— Aim of the exercise —
All entries below are to be copied precisely as they appear.

Items from a dataset

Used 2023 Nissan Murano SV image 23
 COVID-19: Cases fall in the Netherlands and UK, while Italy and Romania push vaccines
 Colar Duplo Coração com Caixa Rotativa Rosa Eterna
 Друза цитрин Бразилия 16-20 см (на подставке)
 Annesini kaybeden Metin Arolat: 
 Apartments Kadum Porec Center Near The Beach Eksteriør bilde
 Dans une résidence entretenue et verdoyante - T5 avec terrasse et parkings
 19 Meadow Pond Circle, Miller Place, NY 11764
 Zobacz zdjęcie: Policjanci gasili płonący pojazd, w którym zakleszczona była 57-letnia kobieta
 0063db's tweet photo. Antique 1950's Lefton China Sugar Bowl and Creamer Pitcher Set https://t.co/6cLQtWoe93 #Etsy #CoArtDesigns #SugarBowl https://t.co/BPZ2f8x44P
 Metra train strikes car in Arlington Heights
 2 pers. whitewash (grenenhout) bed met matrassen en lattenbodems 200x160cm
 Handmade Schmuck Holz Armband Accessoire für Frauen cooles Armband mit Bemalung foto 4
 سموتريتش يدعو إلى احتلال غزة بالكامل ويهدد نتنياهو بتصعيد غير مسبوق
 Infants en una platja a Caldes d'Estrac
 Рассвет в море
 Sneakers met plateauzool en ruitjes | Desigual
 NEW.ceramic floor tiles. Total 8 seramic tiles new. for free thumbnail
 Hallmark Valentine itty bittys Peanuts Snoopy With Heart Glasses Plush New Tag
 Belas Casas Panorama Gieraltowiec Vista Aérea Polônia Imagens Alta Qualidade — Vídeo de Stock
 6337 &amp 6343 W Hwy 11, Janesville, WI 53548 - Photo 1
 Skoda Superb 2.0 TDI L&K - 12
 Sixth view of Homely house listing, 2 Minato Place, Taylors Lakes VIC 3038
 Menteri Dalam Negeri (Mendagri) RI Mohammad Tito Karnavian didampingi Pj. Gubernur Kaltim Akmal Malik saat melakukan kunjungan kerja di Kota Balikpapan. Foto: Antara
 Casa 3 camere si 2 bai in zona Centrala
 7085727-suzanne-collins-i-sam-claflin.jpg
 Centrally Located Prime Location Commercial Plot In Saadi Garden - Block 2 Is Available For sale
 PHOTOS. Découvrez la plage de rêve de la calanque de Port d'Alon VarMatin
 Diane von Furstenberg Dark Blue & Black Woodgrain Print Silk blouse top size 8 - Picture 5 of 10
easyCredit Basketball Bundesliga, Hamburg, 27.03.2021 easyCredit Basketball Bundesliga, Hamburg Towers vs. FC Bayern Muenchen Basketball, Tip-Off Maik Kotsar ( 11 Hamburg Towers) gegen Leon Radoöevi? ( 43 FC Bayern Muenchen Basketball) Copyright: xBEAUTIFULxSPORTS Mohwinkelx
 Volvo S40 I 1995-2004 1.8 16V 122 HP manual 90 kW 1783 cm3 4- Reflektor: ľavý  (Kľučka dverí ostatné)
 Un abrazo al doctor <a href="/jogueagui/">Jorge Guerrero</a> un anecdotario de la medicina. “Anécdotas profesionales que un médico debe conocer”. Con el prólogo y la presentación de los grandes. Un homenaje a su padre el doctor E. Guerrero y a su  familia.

— Response to this task —
Used 2023 Nissan Murano SV image 23
 COVID-19: Cases fall in the Netherlands and UK, while Italy and Romania push vaccines
 Colar Duplo Coração com Caixa Rotativa Rosa Eterna
 Друза цитрин Бразилия 16-20 см (на подставке)
 Annesini kaybeden Metin Arolat: 
 Apartments Kadum Porec Center Near The Beach Eksteriør bilde
 Dans une résidence entretenue et verdoyante - T5 avec terrasse et parkings
 19 Meadow Pond Circle, Miller Place, NY 11764
 Zobacz zdjęcie: Policjanci gasili płonący pojazd, w którym zakleszczona była 57-letnia kobieta
 0063db's tweet photo. Antique 1950's Lefton China Sugar Bowl and Creamer Pitcher Set https://t.co/6cLQtWoe93 #Etsy #CoArtDesigns #SugarBowl https://t.co/BPZ2f8x44P
 Metra train strikes car in Arlington Heights
 2 pers. whitewash (grenenhout) bed met matrassen en lattenbodems 200x160cm
 Handmade Schmuck Holz Armband Accessoire für Frauen cooles Armband mit Bemalung foto 4
 سموتريتش يدعو إلى احتلال غزة بالكامل ويهدد نتنياهو بتصعيد غير مسبوق
 Infants en una platja a Caldes d'Estrac
 Рассвет в море
 Sneakers met plateauzool en ruitjes | Desigual
 NEW.ceramic floor tiles. Total 8 seramic tiles new. for free thumbnail
 Hallmark Valentine itty bittys Peanuts Snoopy With Heart Glasses Plush New Tag
 Belas Casas Panorama Gieraltowiec Vista Aérea Polônia Imagens Alta Qualidade — Vídeo de Stock
 6337 &amp 6343 W Hwy 11, Janesville, WI 53548 - Photo 1
 Skoda Superb 2.0 TDI L&K - 12
 Sixth view of Homely house listing, 2 Minato Place, Taylors Lakes VIC 3038
 Menteri Dalam Negeri (Mendagri) RI Mohammad Tito Karnavian didampingi Pj. Gubernur Kaltim Akmal Malik saat melakukan kunjungan kerja di Kota Balikpapan. Foto: Antara
 Casa 3 camere si 2 bai in zona Centrala
 7085727-suzanne-collins-i-sam-claflin.jpg
 Centrally Located Prime Location Commercial Plot In Saadi Garden - Block 2 Is Available For sale
 PHOTOS. Découvrez la plage de rêve de la calanque de Port d'Alon VarMatin
 Diane von Furstenberg Dark Blue & Black Woodgrain Print Silk blouse top size 8 - Picture 5 of 10
easyCredit Basketball Bundesliga, Hamburg, 27.03.2021 easyCredit Basketball Bundesliga, Hamburg Towers vs. FC Bayern Muenchen Basketball, Tip-Off Maik Kotsar ( 11 Hamburg Towers) gegen Leon Radoöevi? ( 43 FC Bayern Muenchen Basketball) Copyright: xBEAUTIFULxSPORTS Mohwinkelx
 Volvo S40 I 1995-2004 1.8 16V 122 HP manual 90 kW 1783 cm3 4- Reflektor: ľavý  (Kľučka dverí ostatné)
 Un abrazo al doctor <a href="/jogueagui/">Jorge Guerrero</a> un anecdotario de la medicina. “Anécdotas profesionales que un médico debe conocer”. Con el prólogo y la presentación de los grandes. Un homenaje a su padre el doctor E. Guerrero y a su  familia.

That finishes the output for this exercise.